Quote the listing in full, exactly as given, minus any pictures.

» **Material provided**
****************

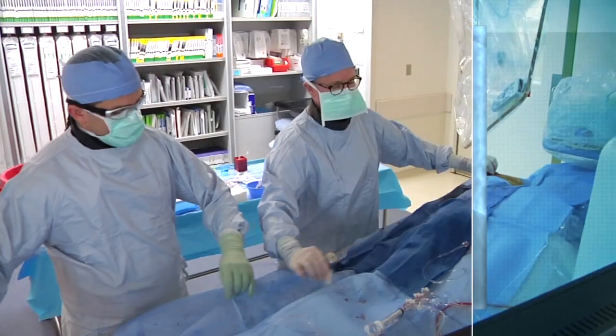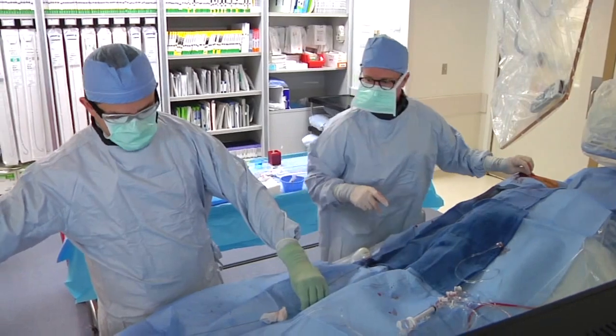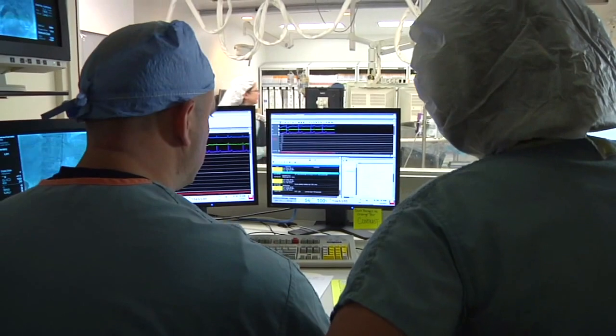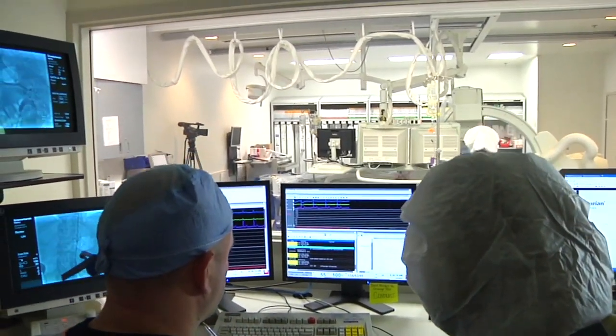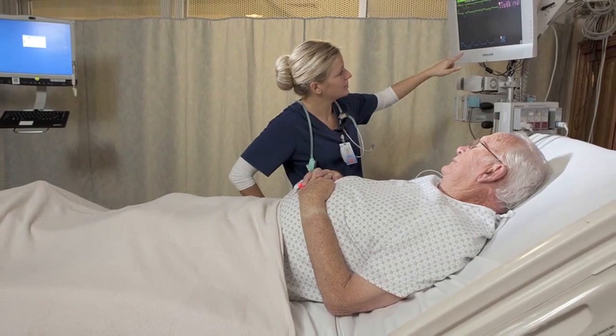Once the procedure is complete, the catheter and sheath are removed from the radial artery and a transradial or TR band is placed on the wrist, which is typically worn for two hours, providing pressure to prevent bleeding. The patient is allowed to sit up immediately after the procedure.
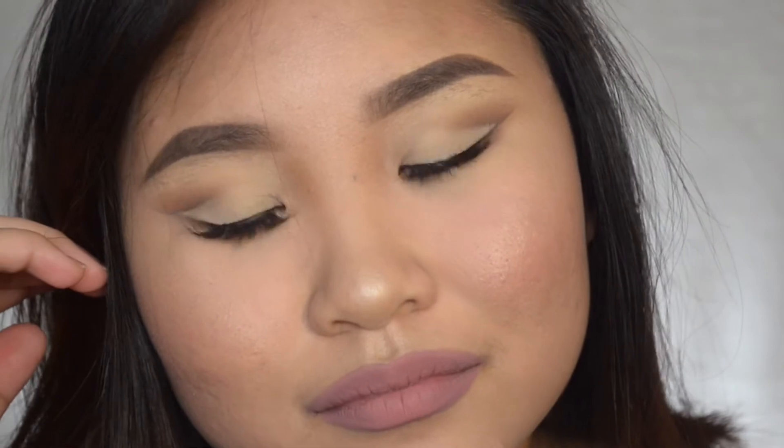Hi guys, welcome back to my channel. For today's video I'm going to do this cut crease — very simple cut crease, perfect for everyday glam. If you want to step up your makeup for everyday, this is the perfect look for you. So if you want to learn how I do this, just keep on watching.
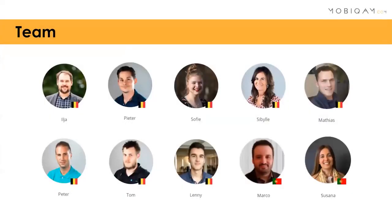Our team includes Peter, my business partner — we're both running the Safe Group and MobiCam. We have Sophie from marketing, Sibyl and Mathias handling finance and administration, and Peter, Tom, and Lenny leading our R&D department covering software and hardware — they did the hardest work on the solution. Marco and Susana are based in Portugal doing most of the business development, and we launched a branch office in Porto at the start of this year to attack world markets from there.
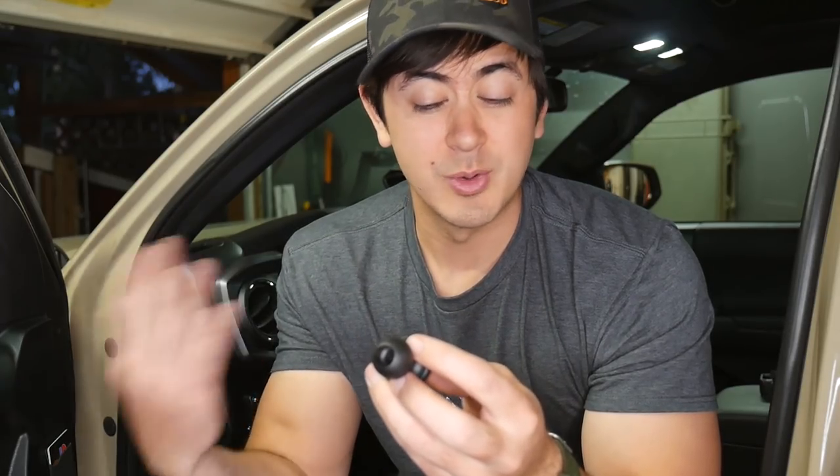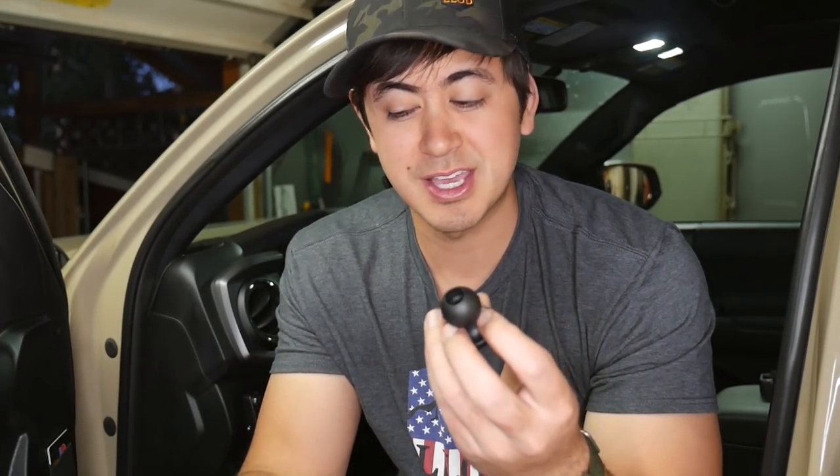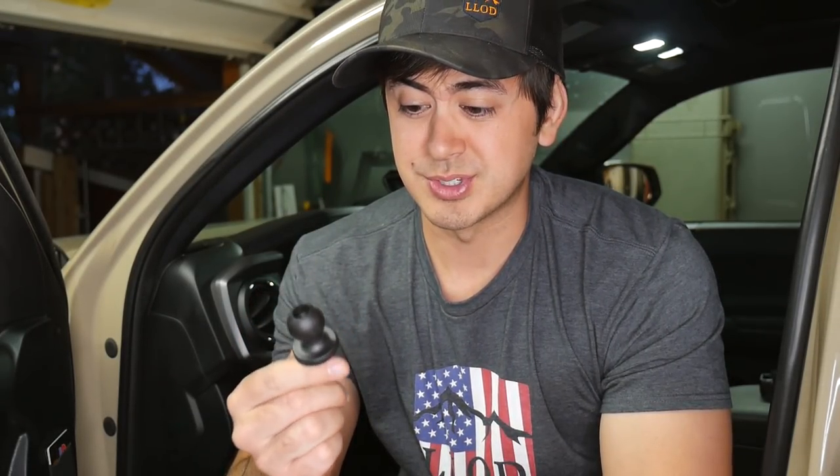Even before I got into overlanding, I saw these things around and always wondered what they were or how they functioned. Then my friend got some and used it to mount his phone — I thought that was really cool. So I started looking into them. I always am looking to improve systems, never really satisfied with the current setup, always looking to make things work better.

****************

» **Output of the task**
Once the procedure is complete, the catheter and sheath are removed from the radial artery and a transradial or TR band is placed on the wrist, which is typically worn for two hours, providing pressure to prevent bleeding. The patient is allowed to sit up immediately after the procedure.
Hi guys, welcome back to my channel. For today's video I'm going to do this cut crease — very simple cut crease, perfect for everyday glam. If you want to step up your makeup for everyday, this is the perfect look for you. So if you want to learn how I do this, just keep on watching.
Our team includes Peter, my business partner — we're both running the Safe Group and MobiCam. We have Sophie from marketing, Sibyl and Mathias handling finance and administration, and Peter, Tom, and Lenny leading our R&D department covering software and hardware — they did the hardest work on the solution. Marco and Susana are based in Portugal doing most of the business development, and we launched a branch office in Porto at the start of this year to attack world markets from there.
Even before I got into overlanding, I saw these things around and always wondered what they were or how they functioned. Then my friend got some and used it to mount his phone — I thought that was really cool. So I started looking into them. I always am looking to improve systems, never really satisfied with the current setup, always looking to make things work better.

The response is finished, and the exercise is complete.